__Prompt__. Take the whole listing and reproduce it exactly, pictures excepted.

__Data__.
*** Begin section ***
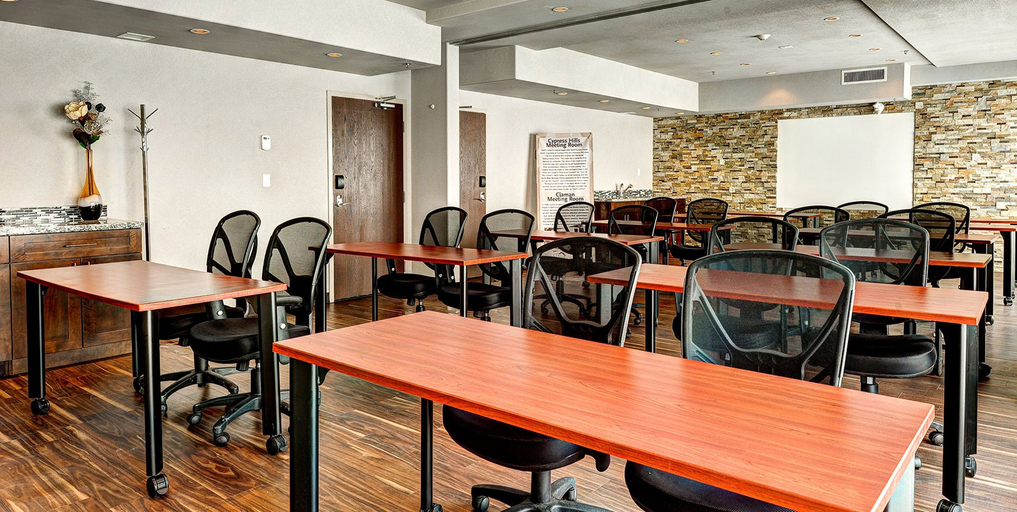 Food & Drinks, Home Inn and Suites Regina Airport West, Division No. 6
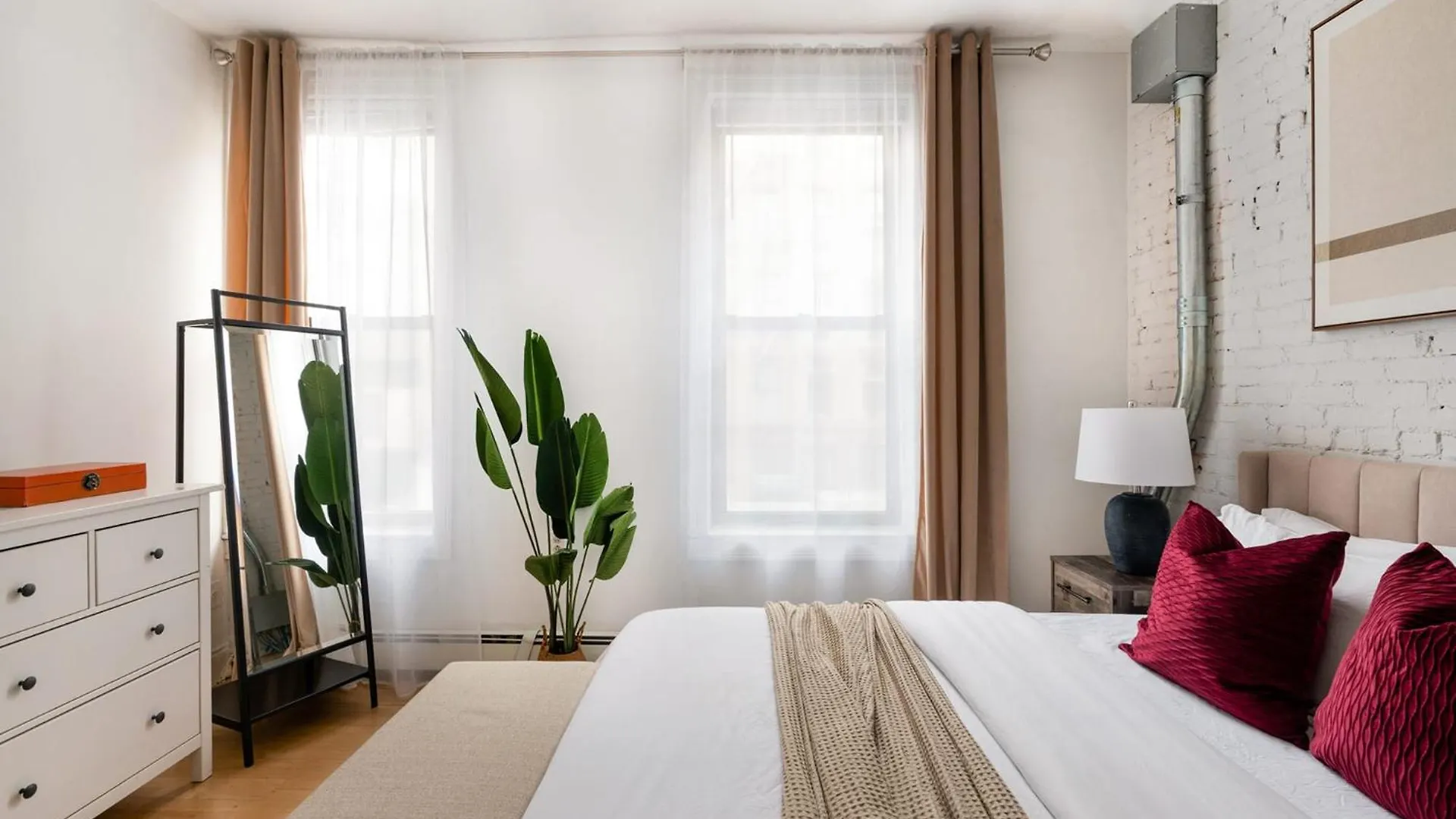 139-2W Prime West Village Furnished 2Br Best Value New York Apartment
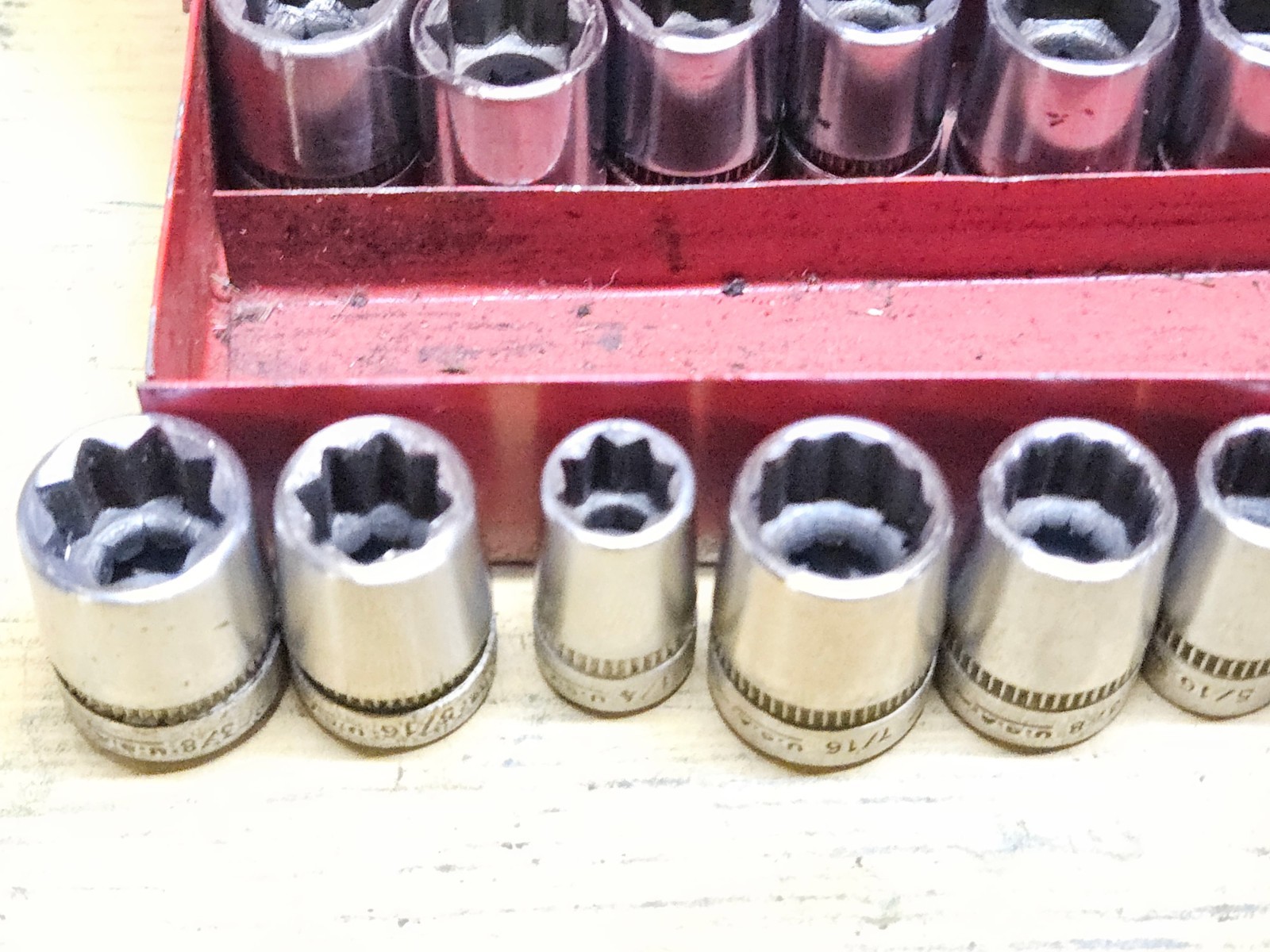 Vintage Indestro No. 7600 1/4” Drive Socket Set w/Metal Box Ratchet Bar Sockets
*** End section ***
__Exercise response__.
 Food & Drinks, Home Inn and Suites Regina Airport West, Division No. 6
 139-2W Prime West Village Furnished 2Br Best Value New York Apartment
 Vintage Indestro No. 7600 1/4” Drive Socket Set w/Metal Box Ratchet Bar Sockets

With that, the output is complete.